Another way to look for improvement is to follow the money: look at tax receipts, and corporate activity like insider buying and buybacks.
Unfortunately, there is little sign of improvement here as well.
Charles Biderman at TrimTabs tells me that:
1) Corporate activity is low: insider buying is down 70 percent, while announced corporate buybacks are down 80 percent compared to the same period last year. Insiders not buying at prices this low?
2) Cash takeovers are "nonexistent."
3) Tax receipts are down about 5 percent year over year, when adjusted for the tax cut of $800 per family (starts April 1).
4) Corporations are selling a lot of stock and bonds: new corporate offerings are over $2 billion for the third week in a row.
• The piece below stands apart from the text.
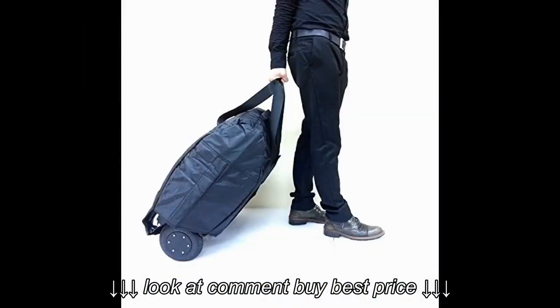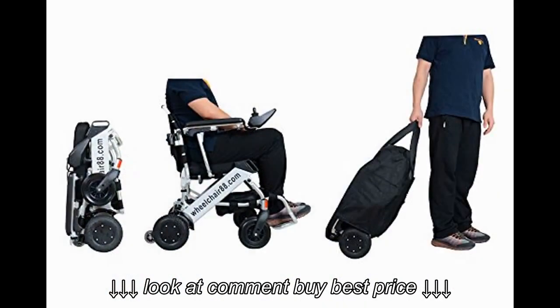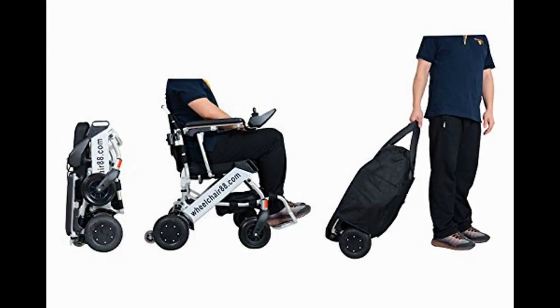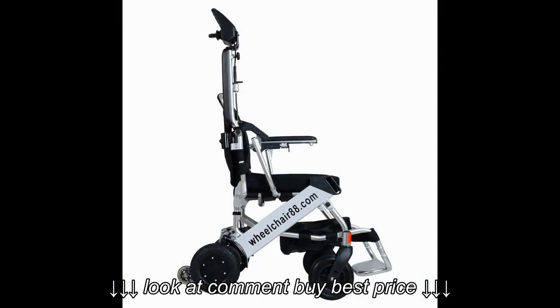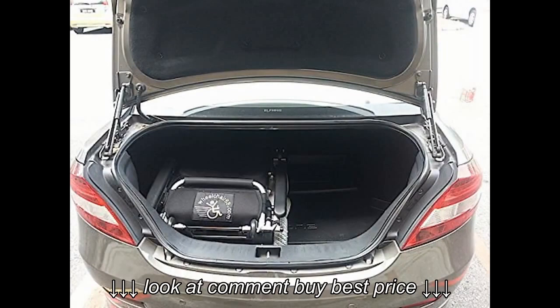We looked at other foldable chairs and scooters before stumbling across this. This chair is the lightest we have found by about 50 pounds, and folds up to fit in either the back seat of the car or the trunk. Unlike most portable scooters or chairs, it doesn't come apart into four pieces, so I don't have to worry about parts of it missing when traveling by air. It's even more compact than her regular transfer chair.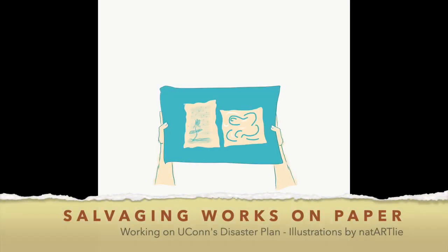My name is Natalie Granados. I'm the Special Collections Conservator at UConn Library. I created these illustrations and timelapses to accompany UConn Library's disaster plan. In this video, I'll be talking about how to salvage works on paper.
Last week's biggest secondaries included AMB Property (41.2 million shares at $12.15), Simon Properties (17.25 m shares at $31.50, and $650 million in senior notes), and NBT Bancorp (about 1.5 m shares at $22 a share). Two REITs and a bank.
But the offerings are broadening out. This week, American Electric Power says it's planning to offer 50 million common shares (about $1.25 billion). Yesterday, Ingersoll Rand sold $655 million in 5-year notes.
Today, Teradyne is selling a $175 million convertible.
Get the idea? Lots of new stock and bonds being floated, insiders are not buying despite low prices, tax receipts are down.
For people who follow the money, the bottom remains elusive.